**What you are asked to do**
Could you restate all of the records below exactly, with the pictures left out?

START Input

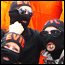 TerrorBull Games gang outside Zavvi
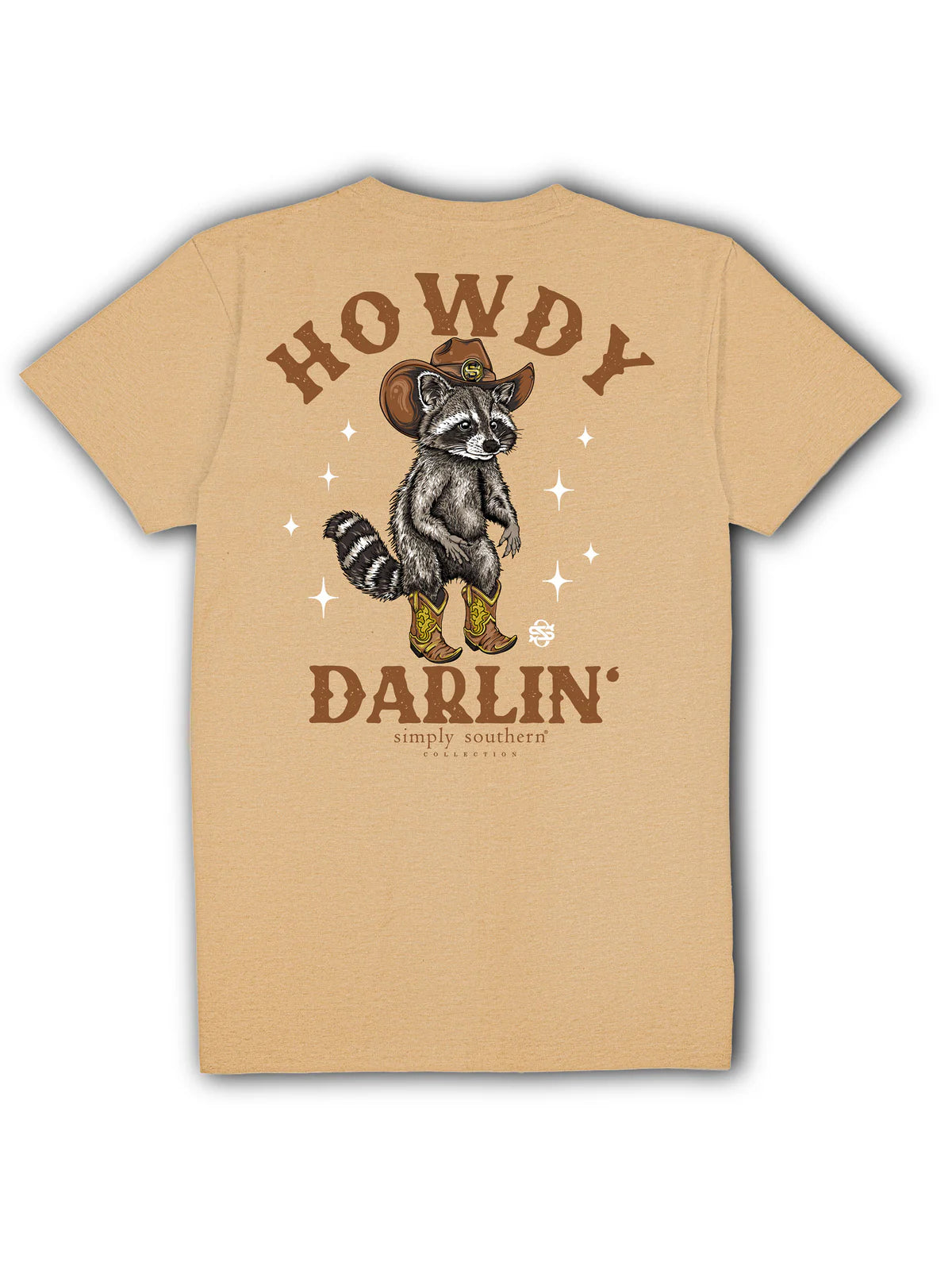 New for fall: Simply Southern Howdy Darlin Raccoon tee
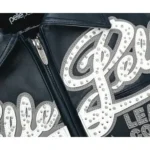 Pelle Pelle Encrusted Varsity Plush Navy Jacket - Image 3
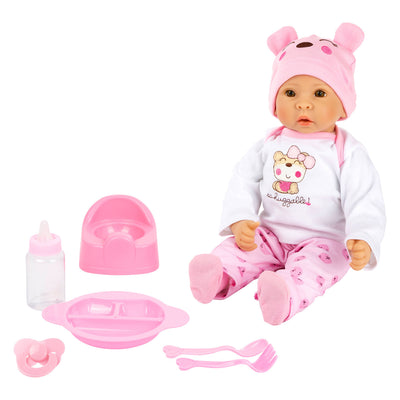 Petit pied - Babypop Marie avec accessoires, 7dlg.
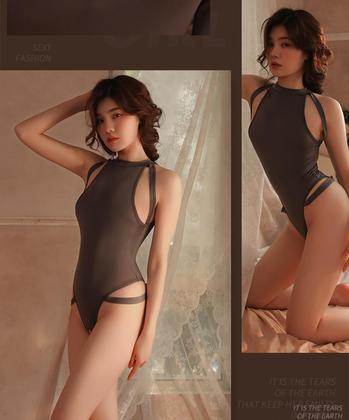 Imagem de Bodysuit SINGUYUN Cosplay Lingerie Anime Biquíni Feminino Cinza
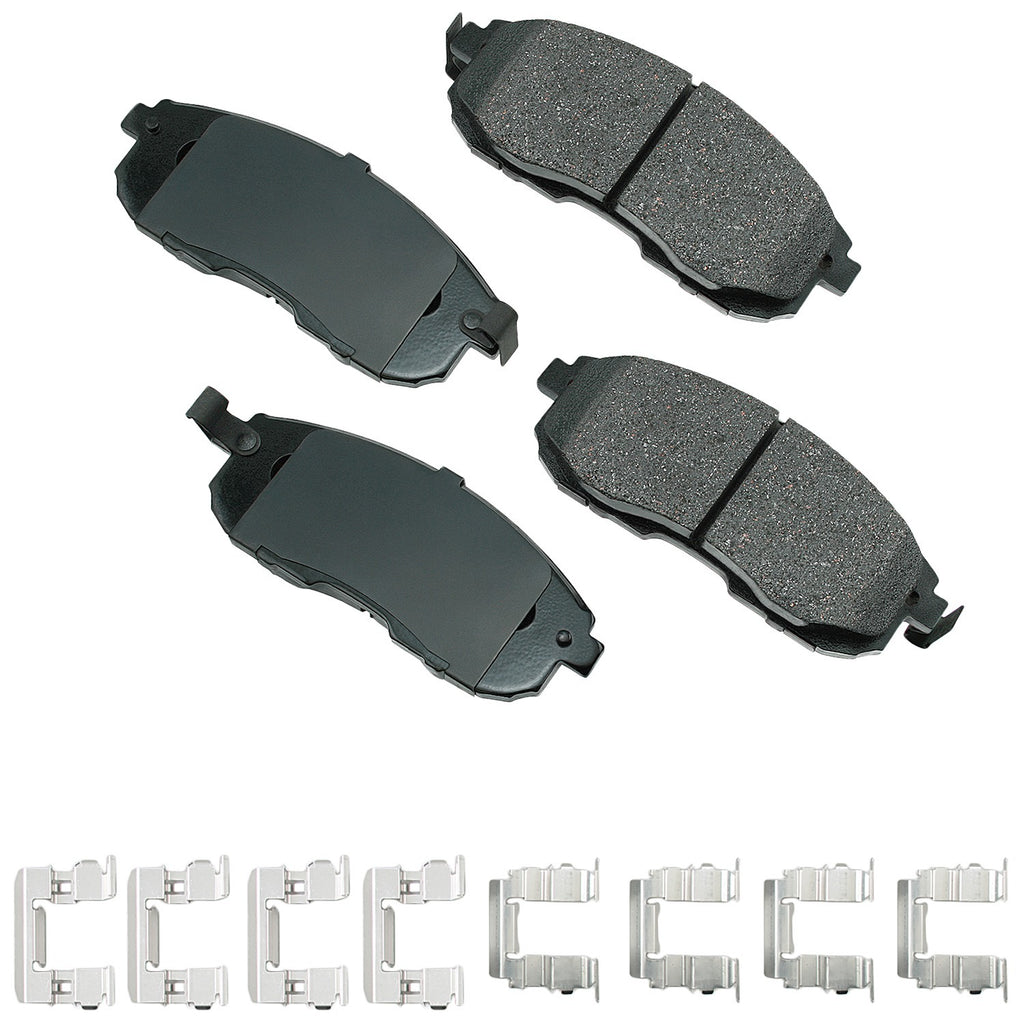 AKEBONO BRAKE CORPORATION ACT815A ProACT Ultra-Premium Bra ke Pads - Front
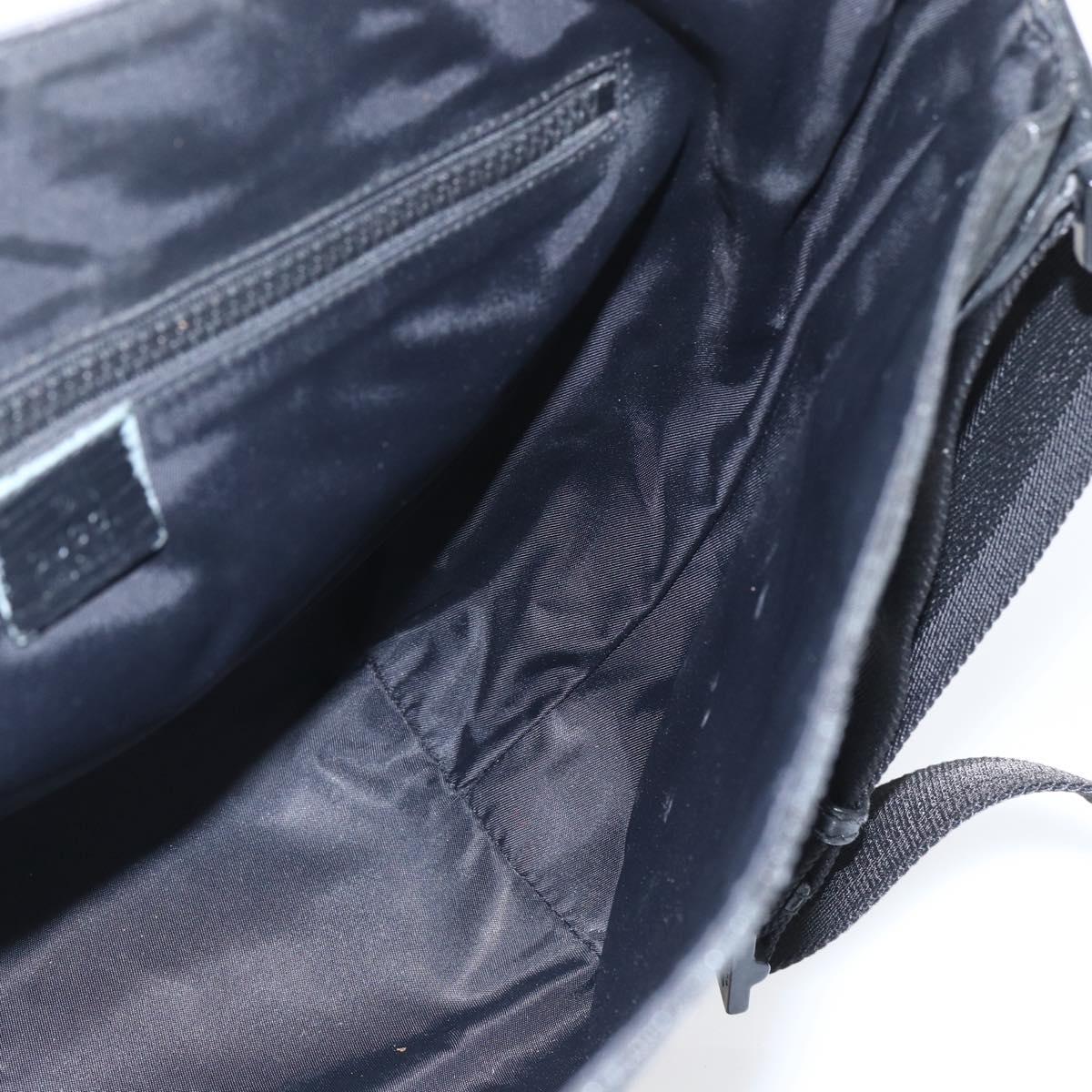 GUCCI GG Supreme Shoulder Bag PVC Black 169935 Auth 167909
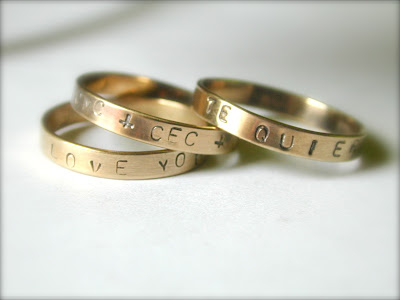 Quite a few also offer an alternative to the standard wedding band as well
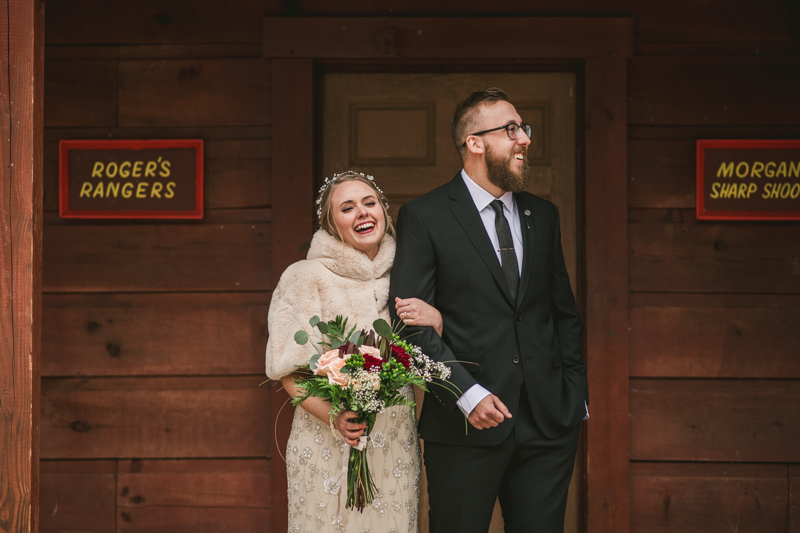 A cozy first look alternative under the stars at Camp Puh'Tuk in the Pines in Monkton Marlaynd by Britney Clause Photography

END Input

**Answer to this task**
 TerrorBull Games gang outside Zavvi
 New for fall: Simply Southern Howdy Darlin Raccoon tee
 Pelle Pelle Encrusted Varsity Plush Navy Jacket - Image 3
 Petit pied - Babypop Marie avec accessoires, 7dlg.
 Imagem de Bodysuit SINGUYUN Cosplay Lingerie Anime Biquíni Feminino Cinza
 AKEBONO BRAKE CORPORATION ACT815A ProACT Ultra-Premium Bra ke Pads - Front
 GUCCI GG Supreme Shoulder Bag PVC Black 169935 Auth 167909
 Quite a few also offer an alternative to the standard wedding band as well
 A cozy first look alternative under the stars at Camp Puh'Tuk in the Pines in Monkton Marlaynd by Britney Clause Photography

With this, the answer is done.